Eser mukaddimeden sonra otuz iki bölüme (lemza), her bölüm ayrıca üç alt bölüme (zâika) ayrılmakta ve hatime kısmıyla sona ermektedir. Mukaddimede sırasıyla ilk dört halife, dört büyük mezhep imamı, Hz. Ali’nin manevî halifeleri olduğu belirtilen Selmân-ı Fârisî, Kümeyi b. Ziyâd, Câbir Ensârî’nin (Câbir b. Abdullah) ve on iki imamın menkıbelerine yer verilmiştir. İlk dört halife anlatılırken Resûl-i Ekrem’in her birine telkin ettiği zikir türlerine de işaret edilmiştir. Ayrıca Hz. Peygamber’den sonra Hz. Ebû Bekir’e geçen hilâfetin sûrî olduğu, esas manevî hilâfetin ilk olarak Hz. Ali’ye verildiği belirtilmiştir. Bu çerçevede bütün tarikat silsilelerinin Hz. Ali vasıtasıyla Resûlullah’a ulaştığı, dolayısıyla kendisine gizli zikir telkin edilen ve Nakşibendiyye silsilesinde yer alan Selmân-ı Fârisî’nin de Hz. Ali’nin halifesi olduğu ileri sürülmüştür. Bununla birlikte onun Hz. Ebû Bekir’e varan silsilesi de kaydedilmiştir.

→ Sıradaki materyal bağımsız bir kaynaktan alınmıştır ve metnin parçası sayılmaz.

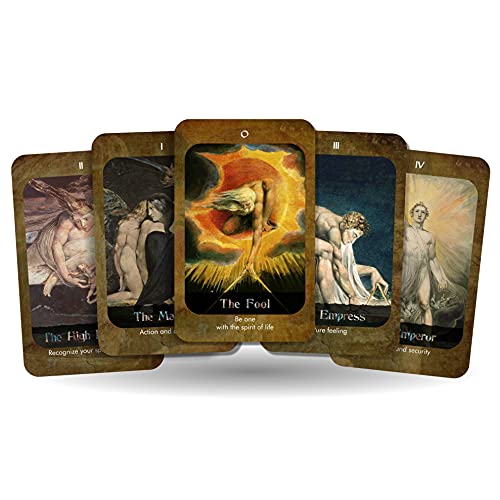 Ibiza Tarot William Blake Tarot – Major Arcana | Wahrsager-Tarotkarten-Deck für Anfänger | Authentisches Tarot-Erlebnis – Set mit 22 Karten von Ibiza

Her şeyhin ileri gelen dört halifesinden üçü “zâika” başlıkları altında anlatıldıktan sonra şeyhin yerine geçen, silsilenin kendisiyle devam ettiği dördüncüsü “lemza” başlığı ile ele alınmıştır. Hasan-ı Basrî ile başlayan ilk lemzadan itibaren silsile Habîb el-Acemî, Dâvûd et-Tâî, Ma’rûf-i Kerhî, Serî es-Sakatî, Cüneyd-i Bağdadî, Mimşâd ed-Dîneverî, Muhammed ed-Dî-neverî, Vecîhüddin Ömer, Ebü’n-Necîb es-Sühreverdî, Kutbüddîn-i Ebheri, Rükned-dîn-i Sincâsî (Sücâsî), Şehâbeddin Mahmûd et-Tebrîzî, Cemâleddin el-Ezherî (Tebrîzî), İbrahim Zâhid-i Geylânî, Ahî Muhammed Hârizmî, Pîr Ömer el-Halvetî, Ahî Mîrem el-Halvetî, İzzeddin Türkmanî, Pîr Sadreddîn-i Hiyâvî vasıtasıyla Seyyid Yahyâ-yı Şirvânî’ye ulaşmakta, Yahyâ-yı Şirvânî’den sonra iki kola ayrılmaktadır. Pîr Muhammed Erzincânî, Çelebi Halife (Cemâl-i Halveti), Sünbül Sinan, Merkez Efendi, Yâkub Efendi ve Necmeddin Ha-san’la devam ederek Hasan Adlî’de son bulan birincisi Sünbülî; Dede Ömer Rûşe-nî, İbrahim Gülşenî, Ahmed Hayalî, Ali Safvetî ve Şeyh Hasanla (Hasen-i Ahsen) devam ederek Şeyh İbrahim’de son bulan ikincisi de Gülşenî silsilesi olarak kaydedilmiştir. Yahyâ-yı Şirvânf den itibaren Halvetiyye’de daha başka silsileler de meydana geldiği halde yalnızca ikisinin kaydedilmiş olması müellifin bu iki silsileden icazetli olması dolayısıyladır.